I grew up in Adelaide, Australia. My parents didn’t play, my grandparents didn’t play, and nobody in my family had any clue about football. Yet somehow it became the center of my life. I played on the Australian national team. I was one of the first few women on the FIFA executive committee. I’ve had some strange and priceless adventures, both on and off the field.  

And now I’m excited to announce that this year I will be taking on a new role as the independent chair of the management committee of Common Goal, the charitable fund supported by professional footballers all over the world. I’ll be working to allocate money to various football programs across the globe — and I cannot wait to get started.

Nothing would have seemed more unlikely when I was 10. Early on, football was not a part of life in my unusual household.

My mum was an Australian-born Chinese, and my dad white — with a combination of English, Irish and German ancestry. They were a rare mixed-race couple when they married in the 1950s. My mum was a Seventh-day Adventist and made vegetarian school lunches for me, my brother and sister. My dad was a fireman, and so … we lived in a fire station.

My sister and I slept in a room above the two trucks in the engine room, and anytime there was a fire, the sirens would wake us up as the trucks pulled out of the driveway. After school, I spent hours and hours just running around and playing in the yard while the firemen rolled the hoses out onto the concrete to dry them.

I did kick a ball — obsessively. But back then the ball was egg-shaped, and I caught it with my hands. Australian Rules football was all that I knew. But I couldn’t play on a team because girls weren’t allowed. And even though I played every kind of game in the schoolyard, I never joined any teams. Because my family included three kids and a dad on shift-work, my parents chose activities that we could all do together — like going on ski trips.

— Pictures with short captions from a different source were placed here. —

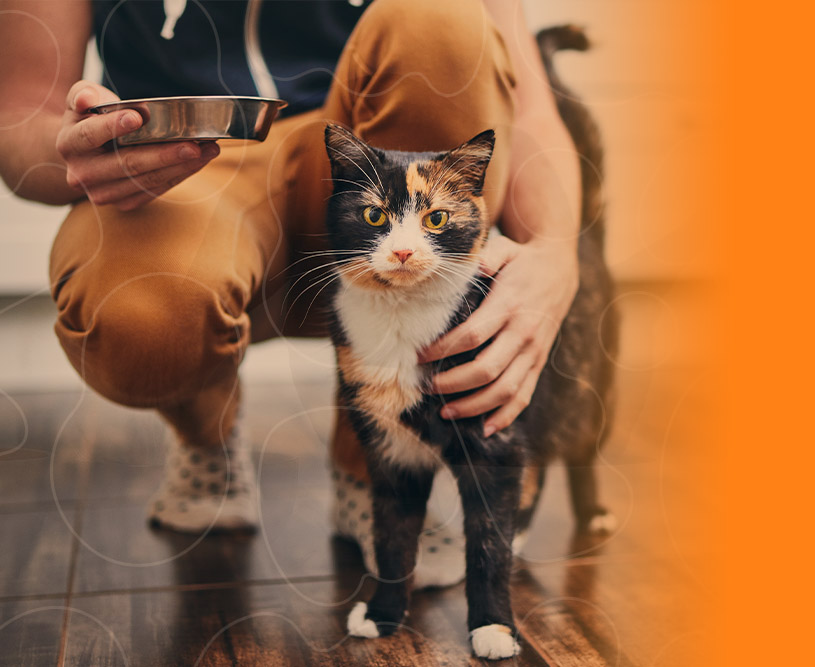 Comida Natural para Pets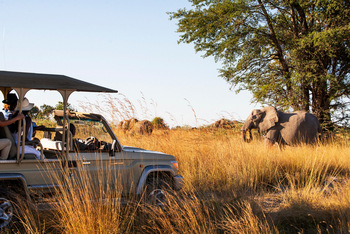 Namushasha River Lodge: Elefant
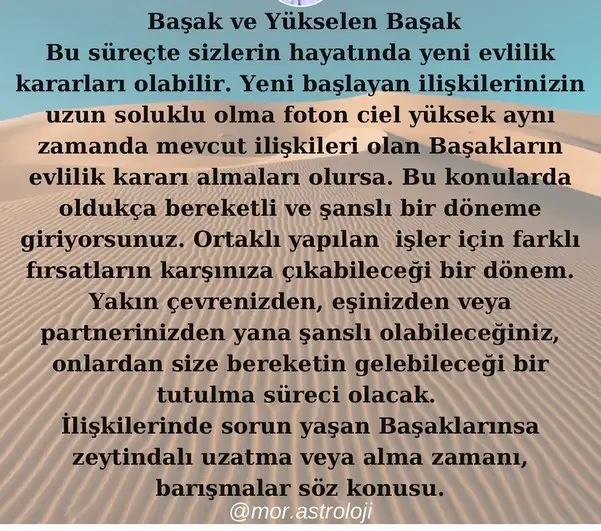 balık yeniayı18 (7).webp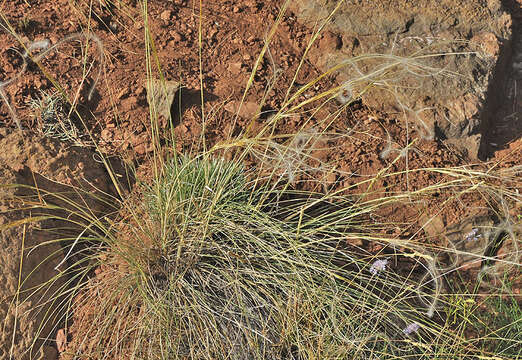 Image of Stipa iberica Martinovský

And back then, since nobody I knew played football, I didn’t know a thing about it.

That all changed one afternoon in the summer of 1976 when my dad brought home our family’s first television.

I was 11 years old. And when I first saw football, my eyes lit up. I was captivated by the intensity of the players, the precision of their passing, the patterns of their movement. The way they danced around the ball. I was intoxicated by the cheering crowds. We got an hour a week of the English league, and I loved every single minute. I remember the first live match I ever saw: the 1977 FA Cup final, Liverpool vs Manchester United. For us, it kicked off close to midnight, and my father stayed up with me to watch all the way through the trophy presentations.

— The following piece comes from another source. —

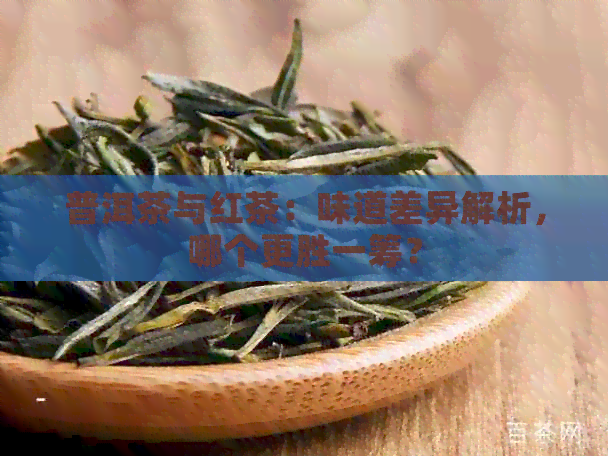 普洱茶与红茶：味道差异解析，哪个更胜一筹？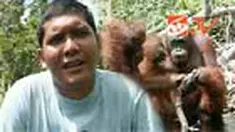 liputan6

I just couldn’t get enough.

Every morning I’d sit with my breakfast cereal at the kitchen table and scan our local paper for rare football news. A friend at school gave me three second-hand copies of a football magazine called Shoot. I read them until I knew each one by heart.

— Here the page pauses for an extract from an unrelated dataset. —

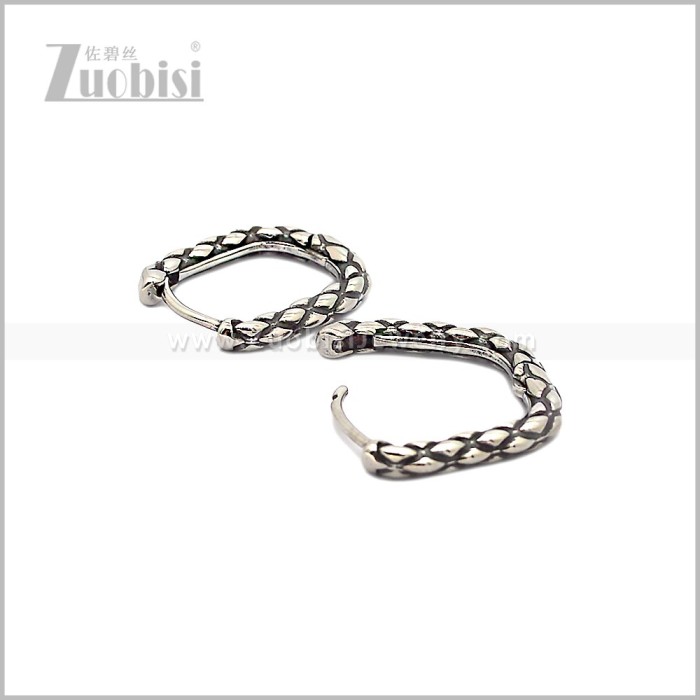 Stainless Steel Earring e002819S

It was like a whole new universe was being presented to me. But it slowly sank in that football ran on gendered lines, and that I was the wrong gender. There were no women footballers in my magazines.

I mean zero.

And not just in those magazines.

Nowhere had I seen or heard of girls playing. There was no Women’s World Cup, and there certainly wasn’t any W-League like we have in Australia today.

But I still imagined myself playing football, even if it just meant kicking a ball against the wall on my own day after day. By then my family had moved out of the fire station and into a proper house, with a grass lawn and a garage. The neighbors would complain to my parents about the constant thudding of the ball against the garage wall well after dark.

That didn’t stop me, though. I wanted to play like my heroes Kevin Keegan and Kenny Dalglish of Liverpool, and our front yard was my home ground. I took penalties and corners, and played one-twos against the wall with fantasy teammates as the imaginary crowd urged us on.

After two years of scouring the paper for mentions of football, I happened one day upon the results of a small women’s soccer league, printed in the tiniest of fonts on the last page of the sports section.

It was like discovering that there really is a Santa. I could actually have real teammates, compete against real opponents and play real games on a real field!

There was no youth football in the area then, so when I was 13 I signed up to play for a women’s adult team in Port Adelaide, within cycling distance of my home. I pedaled off twice a week after school for training.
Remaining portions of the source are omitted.